After Stage 2 is complete and all lines have been compiled, we then execute point 2 in the above: finding the JUMP instructions and compiling the operands using the labels dictionary we just built up. In the code, this is described as ‘Linking’ (this is in the setupAndStart() function, after the compilation stage):
for lineNumber in range(0, len(compiled)):
if (compiled[lineNumber][0] in jumpOpcodesCompiled):
try:
compiled[lineNumber][1] = compileValue(labels[compiled[lineNumber][1]], None)
except KeyError:
print "ERROR: LABEL: ", compiled[lineNumber][1], " is never defined."
sys.exit(1)
In the above code example, we are checking each line of code in the list of ‘compiled’ lines to see if it contains a JUMP instruction.
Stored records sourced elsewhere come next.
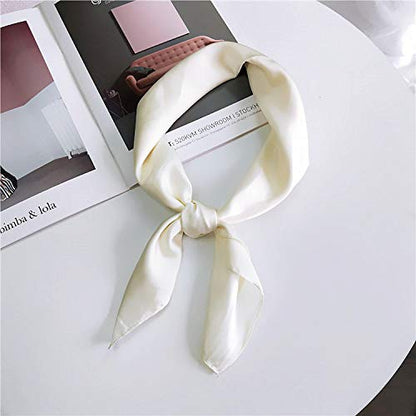 Glamorstar Satin Neck Scarf 6 Packs Square Handkerchief for Women - color: 6 Packs - Black,red,blue,white,pink,gray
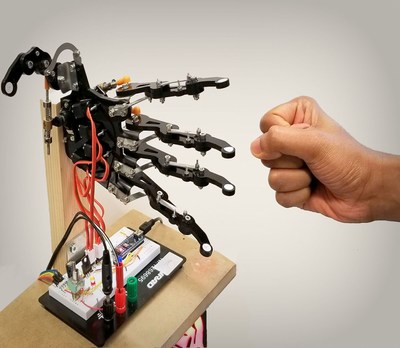 The robotic hand uses a brain-inspired neural network (Image: ETH Zurich) (PRNewsfoto/ETH Zurich)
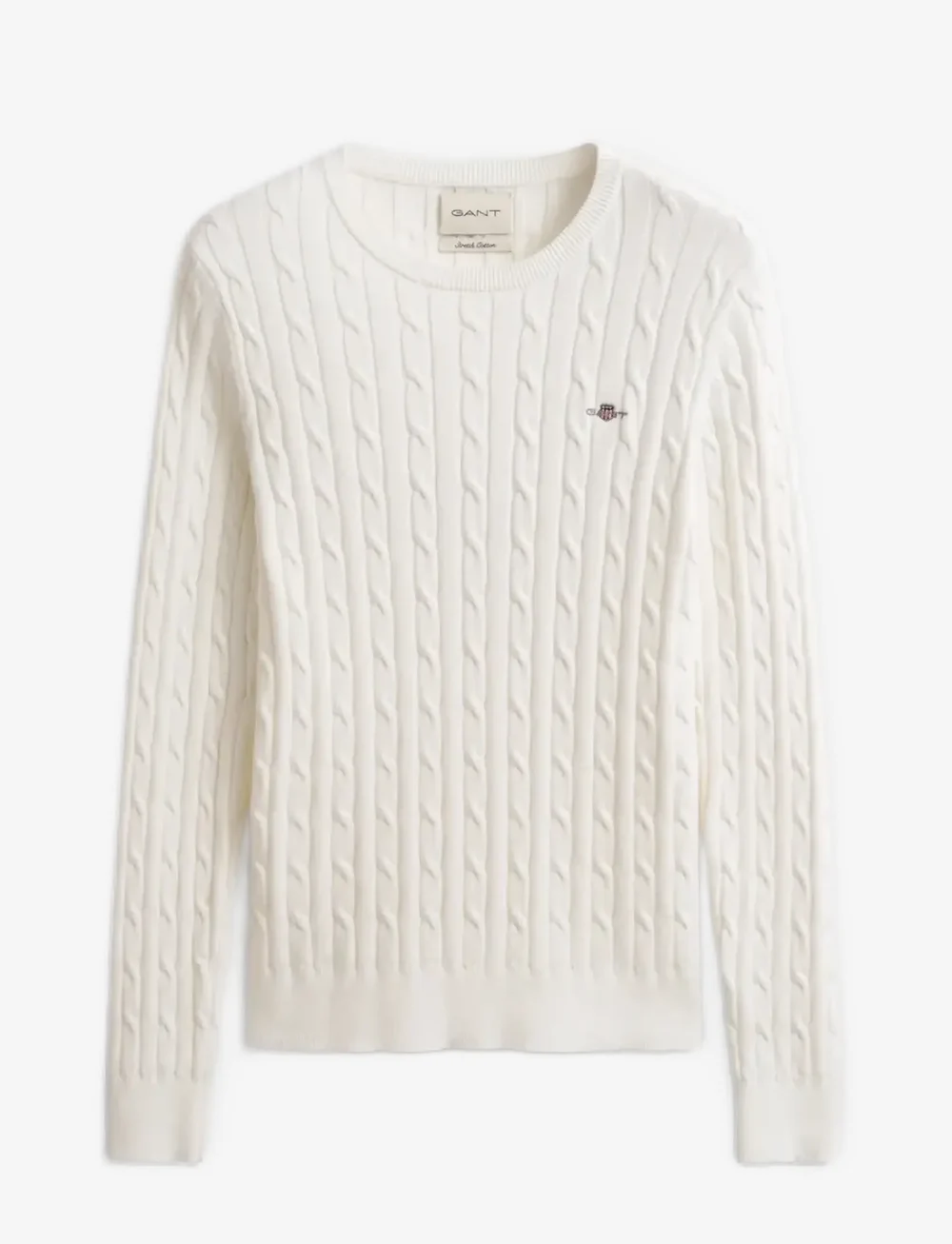 GANT - STRETCH COTTON CABLE C-NECK - stickade tröjor - eggshell - 1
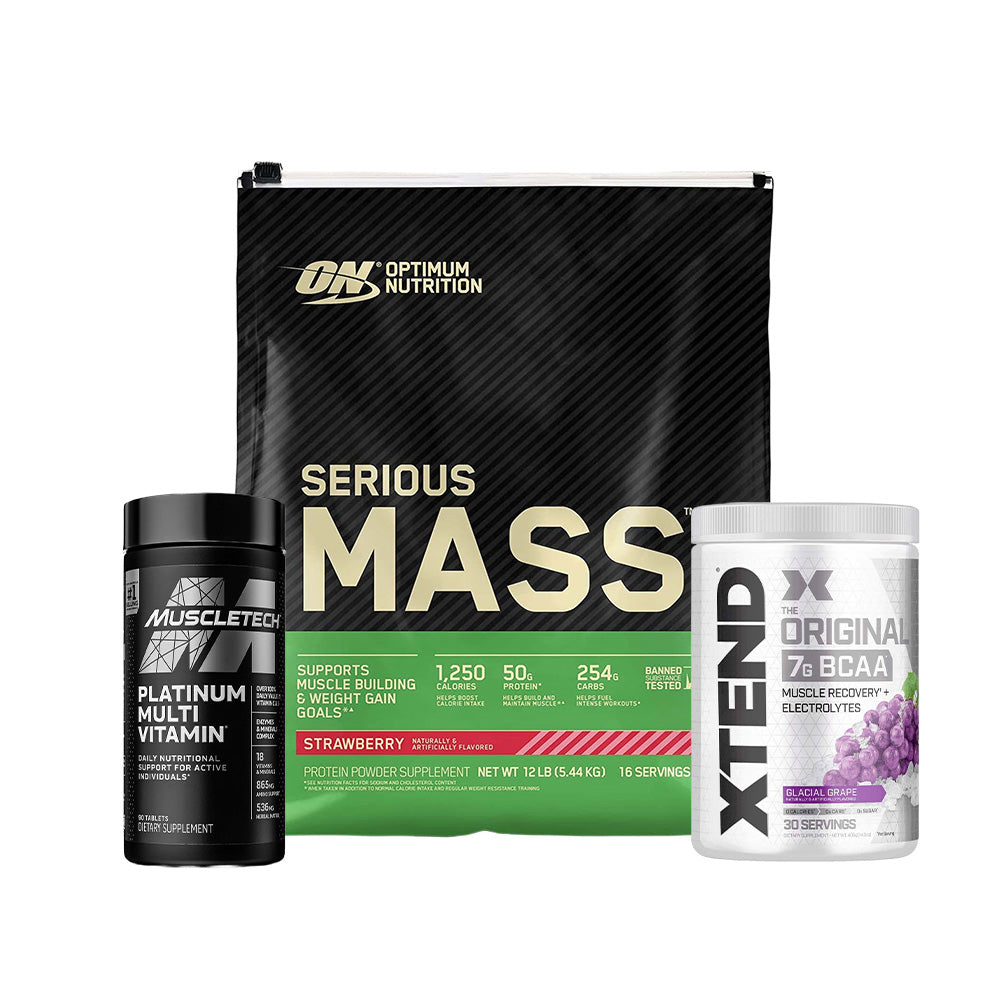 Optimum Nutrition Serious Mass, Xtend Original BCAA, Muscletech Platinum Multivitamin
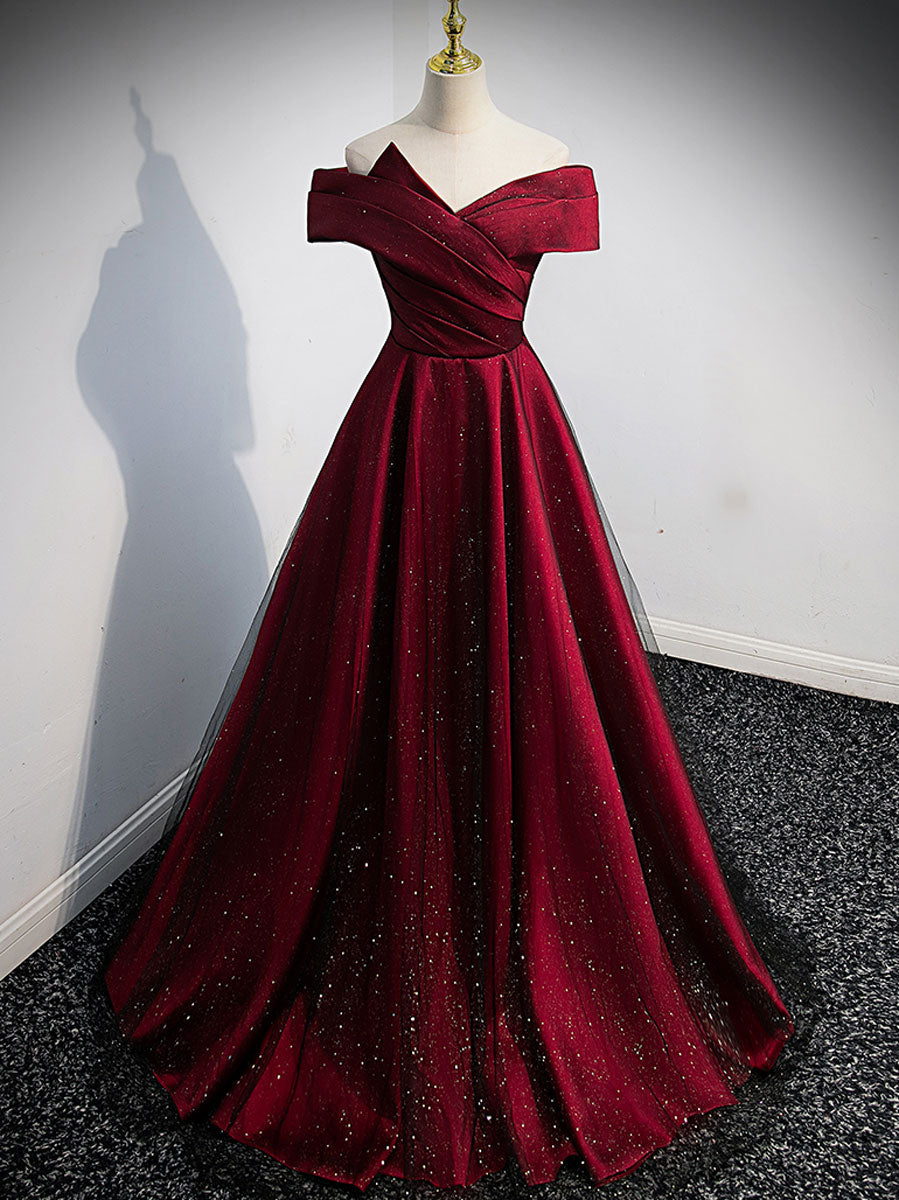 Simple Burgundy Satin Long Prom Dress, Burgundy Evening Dresses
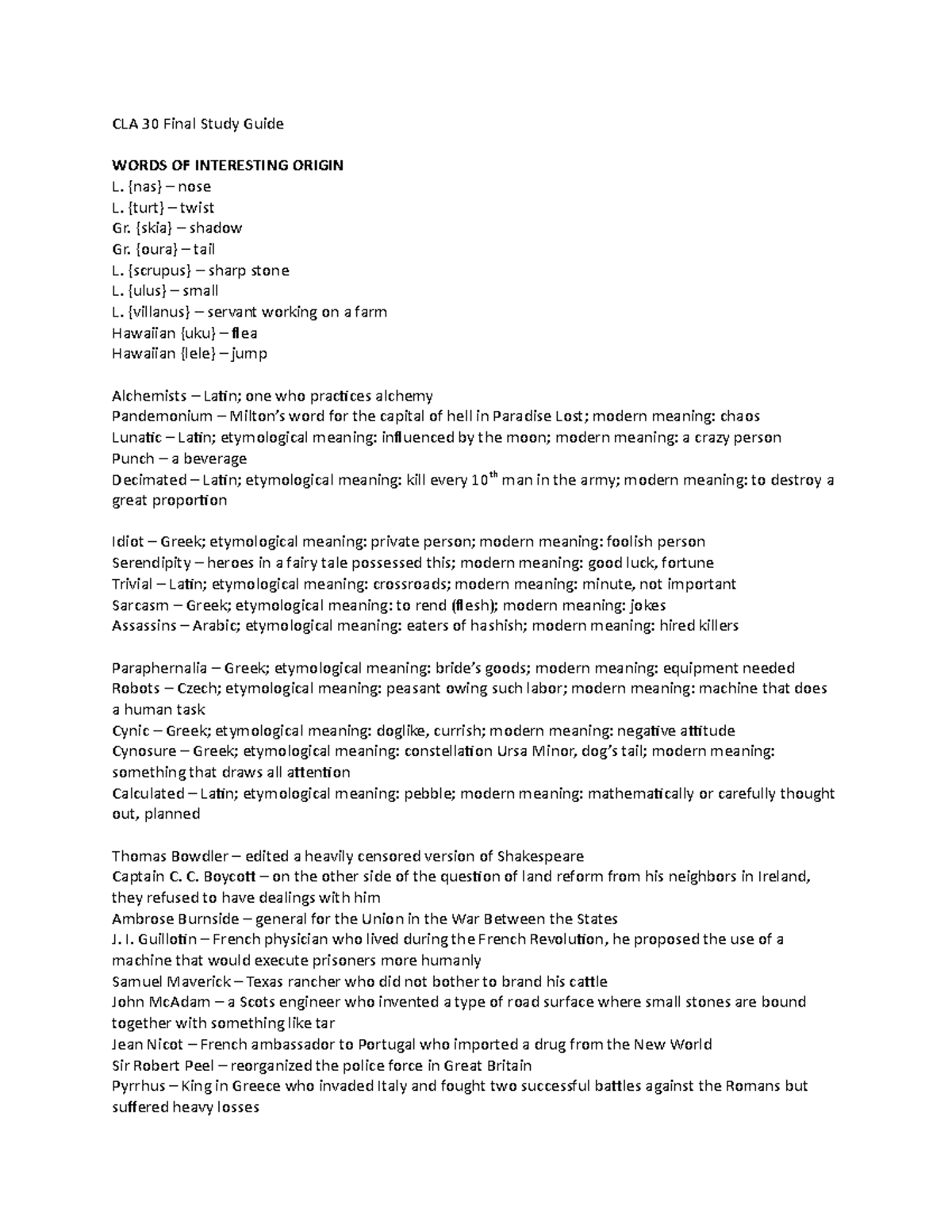 CLA 30 Final Study Guide CLA 30 Final Study Guide WORDS OF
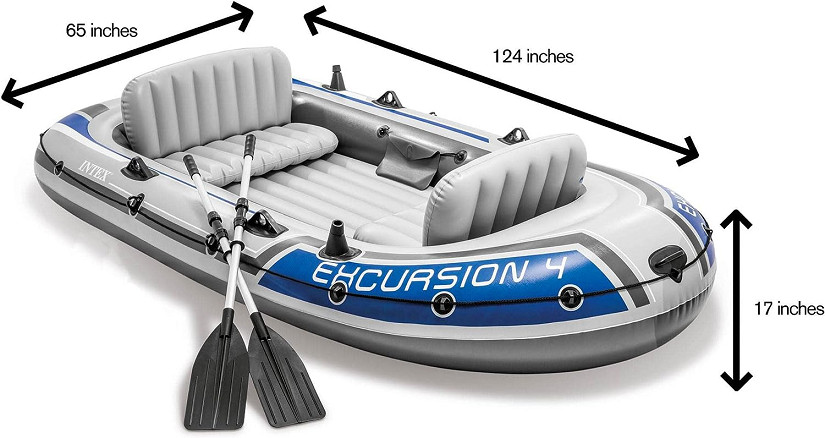 INTEX EXCURSION 4-PERSON INFLATABLE BOAT WITH MOTOR MOUNT FITTINGS, PADDLE, PUMP & CARRY BAG, 880LB RATING - GREY (MODEL: ‎68324EP) image 2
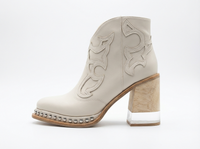 Santiag mi-haute blanc Simili Cuir Femme - Chelsea élégante avec broderies et clous 2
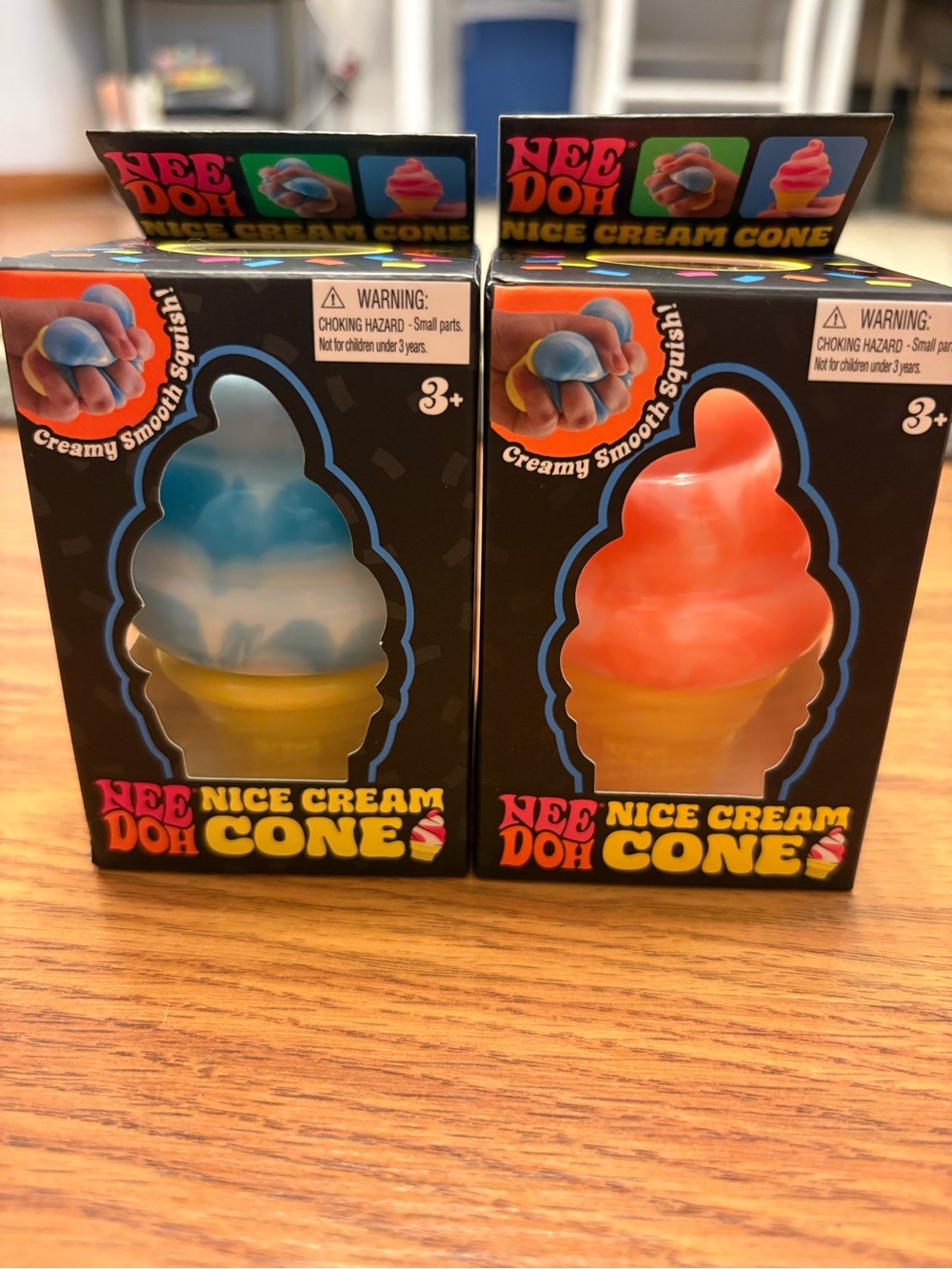 NeeDoh Nice Cream Cone Squishy Toy - Blue & Orange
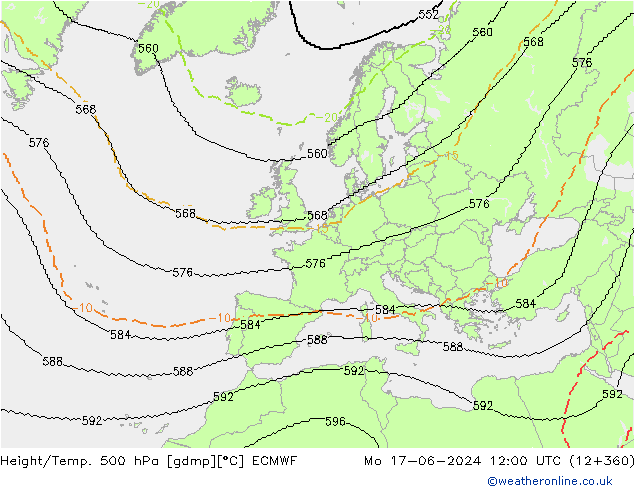 Height/Temp. 500 hPa ECMWF pon. 17.06.2024 12 UTC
If it does, we identify the second item in the 2-item list (the operand) and look it up in the ‘labels’ dictionary (the dictionary containing all the LABELs and the corresponding line number they should point to). We then convert convert the base-10 integer to binary and return the compiled line.
Stage 4 – Outputting finished product
Finally – the ‘compiled’ list now contains the whole programme, compiled to binary. We just have to convert each 8-character string of binary characters to a byte, concatenate them together and then write them out as a binary file and it’s ready to go onto the CPU!
The easiest way to do this in Python 2.7 is using the chr(int) function. The chr(int) function takes an integer as a parameter and returns a character according to the ASCII scheme. Since the ASCII system stores characters in 8 bits (the same as our CPU), outputting the characters into a binary ASCII file is all we have to do – that file can then be written to the memory of our CPU, and voila! The CPU will execute our code.
def outputToBinary(compiledCode):
outputData = ''
while (len(compiledCode) > 0):
temp = int(compiledCode[0:8], 2)
outputData += chr(temp)
compiledCode = compiledCode[8:]
f = open(outputFileName, 'wb') #b means binary mode on Windows
f.write(outputData)
return True
In the above code, we first initialise an empty string which will contain our output data (the compiled code). While there are still bytes to be compiled (that the length of compiledCode is still greater than 0), we isolate the next byte, convert it to an Integer, and then convert it to a binary ASCII character using the chr function. We then append that to the outputData, and remove the byte (8-bits) we just processed from compiledCode (so that the next byte can be processed). When all the bytes have been compiled, we open a file in write mode and write the data to that file.
Our compiler also has the ability to output ‘human-readable’ code, i.e. code that is separated by line and includes a space in-between the opcodes and operands. This is controlled by toggling a boolean, and makes debugging much easier.
Example
Let’s take the following sample program:
input // load the accumulator from the input panel
load 0 // overwrite the value in the accumulator to 0
LABEL AddEight // label this piece of code 'AddEight'
add 8
JUMP AddEight
// this block never runs
sub 7
subcy -7
Next we perform Stage 1: after comments, blank lines and labels are removed (with labels, after their line numbers have been recorded), the code looks like:
When compiled to binary ASCII it’s then not human readable or recognisable: you can try opening it in an editor (as I did with the above), which gives:
Compiled Program, opened in Vim
That’s it! A long post, but hopefully it was an interesting read!